The nearly $5 billion state spending plan that takes effect July 1 is already $2 billion less than it was two years ago.
"We hear all kinds of comments about we're 'not conservative enough,' but all we've done is cut spending," said Rep. B.R. Skelton, R-Six Mile. "Everybody is suffering, and we need to carefully consider what we're doing."
Legislators nearly unanimously overrode vetoes to cut $4 million from the state's technical colleges. Some lawmakers said it was madness to eliminate money to run the schools that businesses rely on and that are vital as jobless workers seek training.
In his veto message, Sanford said he wanted to force the technical schools to consolidate administration, but legislators argued the savings are uncertain, and schools would lose local control.
"Don't eliminate technical education in this state," said Rep. Ken Kennedy, D-Greeleyville. "This whole thing doesn't make any sense!"
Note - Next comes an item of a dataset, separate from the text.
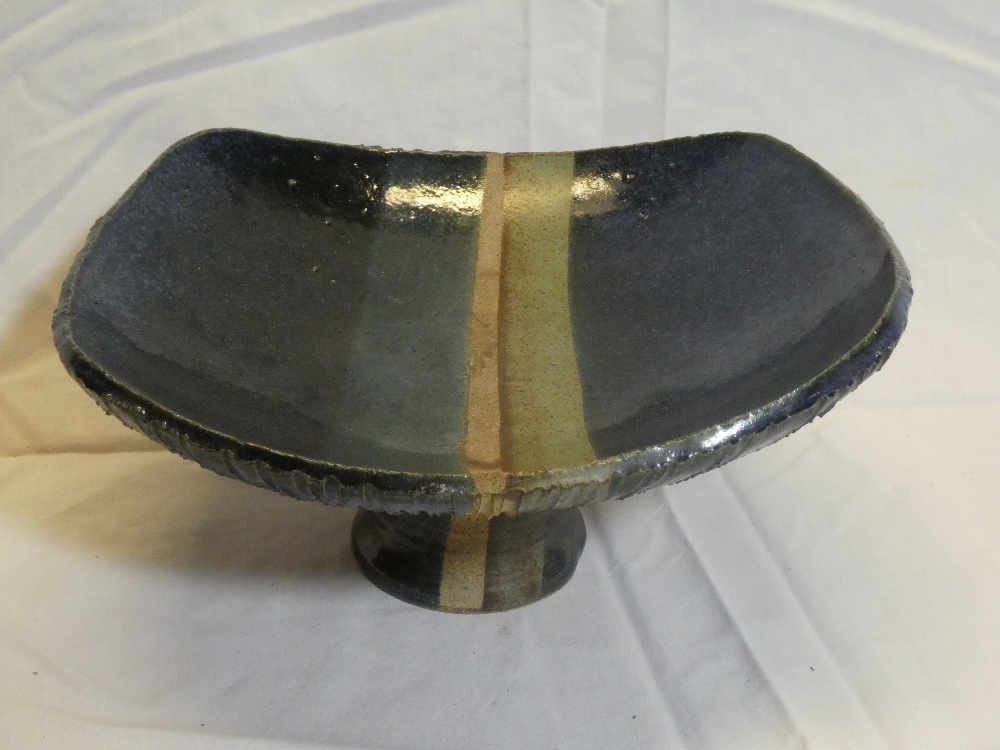 A Studio pottery shaped-rectangular pedestal bowl by Meira Cummings,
The House saved $4.5 million Sanford wanted cut from the Department of Health and Environmental Control that would have decimated the agency's operations, laying off 179 workers from basic operations. It also saved the agency $3.2 million that could have ended various health programs, including childhood immunizations, restaurant and septic tank inspections, rabies and tuberculosis control, and AIDS drug assistance.
Rep. Alan Clemmons, R-Myrtle Beach, successfully argued to spare the Forestry Commission, already down by 100 employees. A $1.1 million cut that would have laid off 30 additional workers and cut basics like fuel and insurance. He said he feared if a fire similar to last year's North Myrtle Beach wildfire, which destroyed 76 homes and charred 31 square miles, happened after the cuts, the destruction would be much worse.
"We've got to give our firefighters everything they need to protect us," said Rep. David Hiott, R-Pickens.
Other items spared included $5 million for ETV, the state's educational television and radio network to pay for basics like buildings and electricity, $5 million for public libraries that could have resulted in libraries ending Internet access or shuttering, and $1.6 million to keep open the State Museum.
Sanford suggested the museum increase its fees, but legislators said that would require raising ticket costs from $5 to $25 per person, preventing 75,000 school children from across the state, who now attend for free, from making the visit.
"This is our history. This is brick and mortar, and artifacts," said Rep. Joan Brady, R-Columbia. "We can't just close it down for a year or two. We would not even be able to pay the rent."
Tensions flared after legislators overrode vetoes to save Clemson University agricultural programs that include livestock disease inspections, but upheld a veto of an economic development program through South Carolina State University, the state's historically black public college. Black legislators said they were baffled and concerned by the difference in the votes.
House Minority Leader Harry Ott, D-St. Matthews, and other legislators of both parties successfully argued for a re-do of the vote, which was then overridden.